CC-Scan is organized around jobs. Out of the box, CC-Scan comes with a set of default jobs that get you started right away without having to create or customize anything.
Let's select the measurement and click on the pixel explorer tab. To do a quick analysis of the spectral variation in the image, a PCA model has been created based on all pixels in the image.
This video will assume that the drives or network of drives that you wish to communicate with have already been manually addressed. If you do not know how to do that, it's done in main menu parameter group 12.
+++
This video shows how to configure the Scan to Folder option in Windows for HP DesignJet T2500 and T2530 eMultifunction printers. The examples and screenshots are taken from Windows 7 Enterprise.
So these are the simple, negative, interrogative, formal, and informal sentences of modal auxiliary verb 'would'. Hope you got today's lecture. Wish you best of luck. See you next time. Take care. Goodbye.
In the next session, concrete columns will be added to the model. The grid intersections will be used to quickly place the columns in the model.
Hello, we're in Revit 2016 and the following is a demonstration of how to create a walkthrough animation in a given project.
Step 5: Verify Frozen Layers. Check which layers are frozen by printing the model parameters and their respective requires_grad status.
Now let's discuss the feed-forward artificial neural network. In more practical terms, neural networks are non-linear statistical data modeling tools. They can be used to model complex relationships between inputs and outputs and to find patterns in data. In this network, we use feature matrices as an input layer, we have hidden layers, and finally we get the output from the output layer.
+++
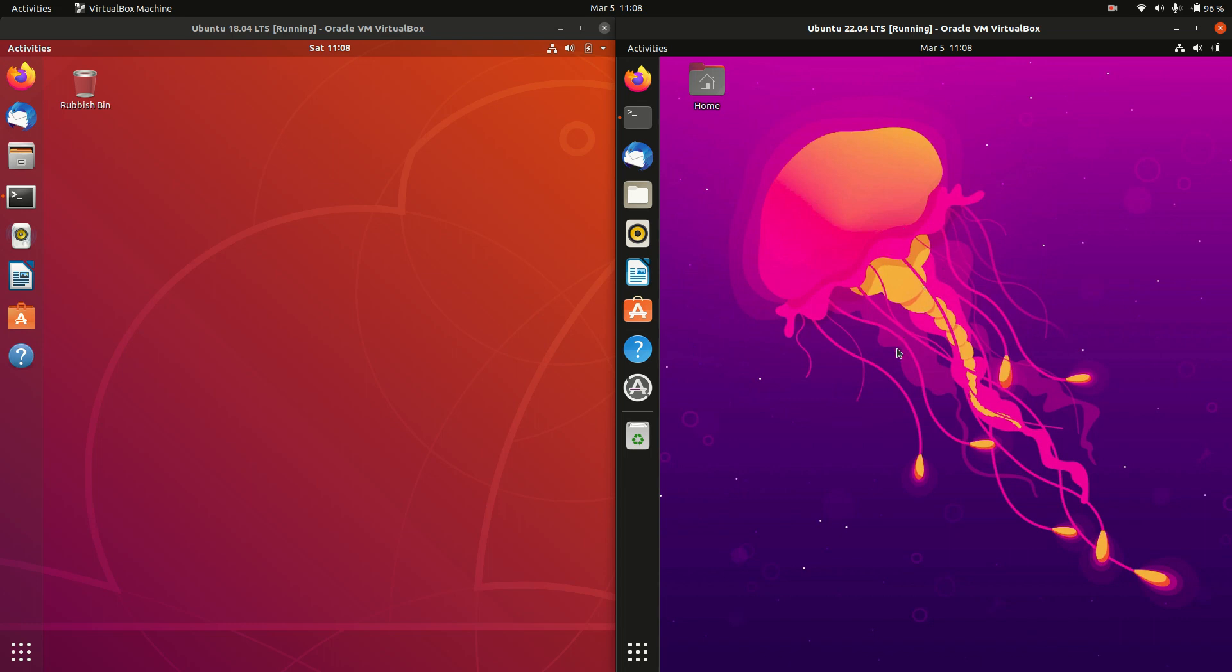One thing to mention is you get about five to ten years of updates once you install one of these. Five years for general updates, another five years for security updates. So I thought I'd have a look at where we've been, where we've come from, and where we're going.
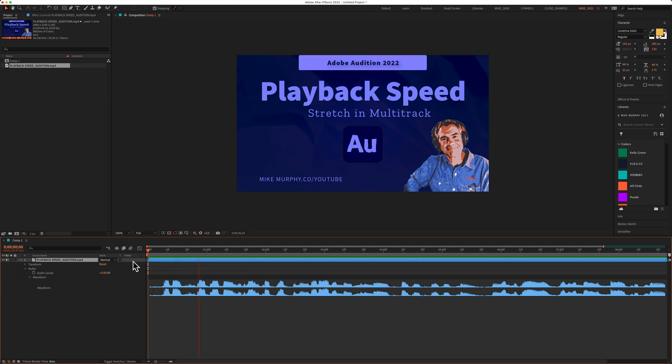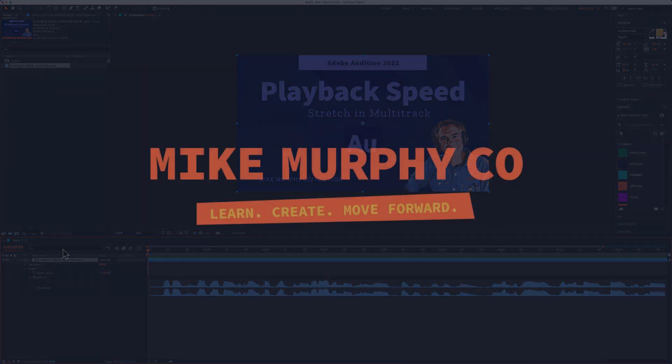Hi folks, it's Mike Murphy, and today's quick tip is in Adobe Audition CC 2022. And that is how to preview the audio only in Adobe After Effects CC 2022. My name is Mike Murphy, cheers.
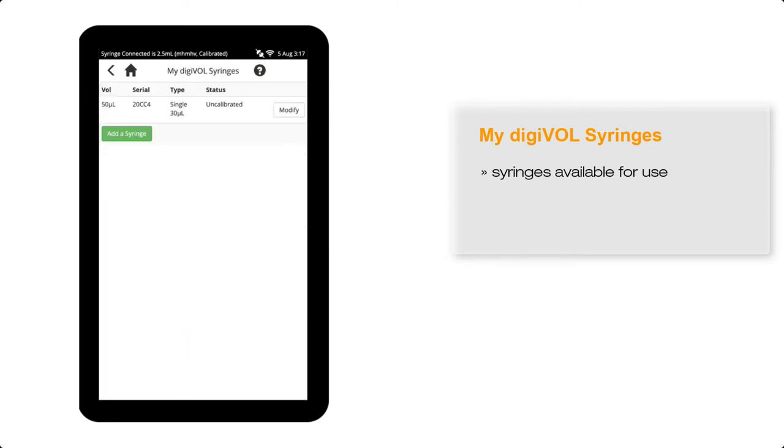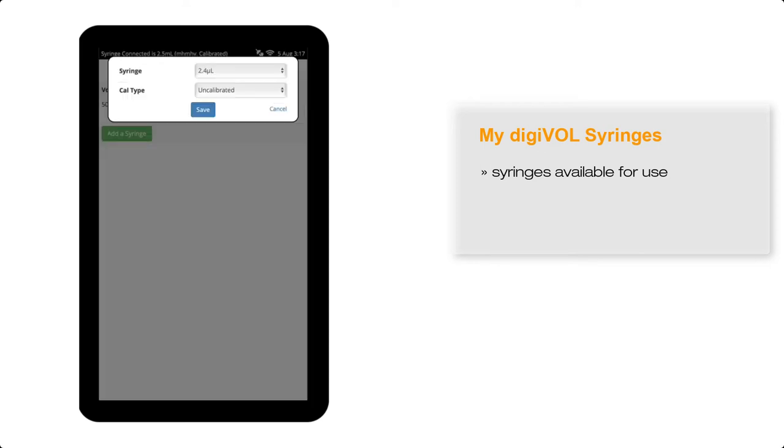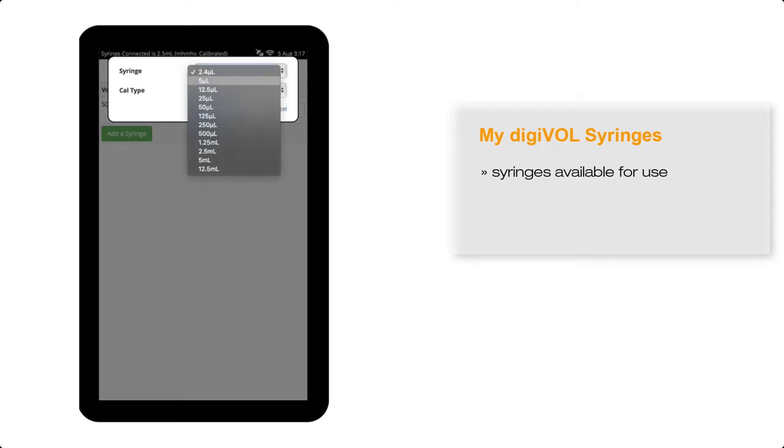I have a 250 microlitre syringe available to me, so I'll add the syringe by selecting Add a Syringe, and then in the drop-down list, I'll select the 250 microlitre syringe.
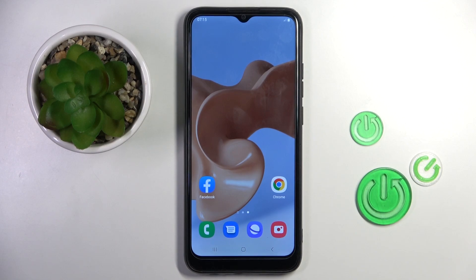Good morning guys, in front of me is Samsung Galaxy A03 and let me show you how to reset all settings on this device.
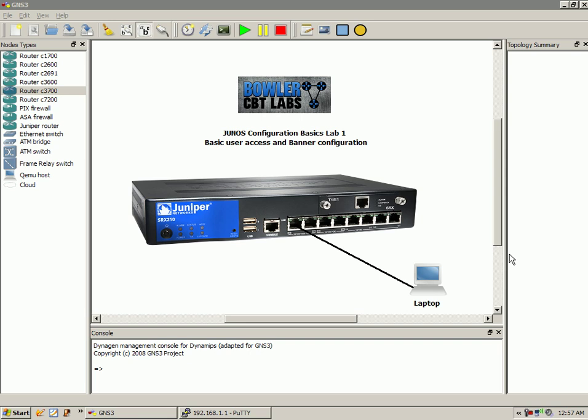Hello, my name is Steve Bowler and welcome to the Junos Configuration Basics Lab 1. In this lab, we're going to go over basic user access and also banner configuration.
+++
#### [WHAT IS BEING ASKED]
The required output is the number of lines in the records that contain the word "will", with nothing added.

#### [WRITTEN ANSWER]
2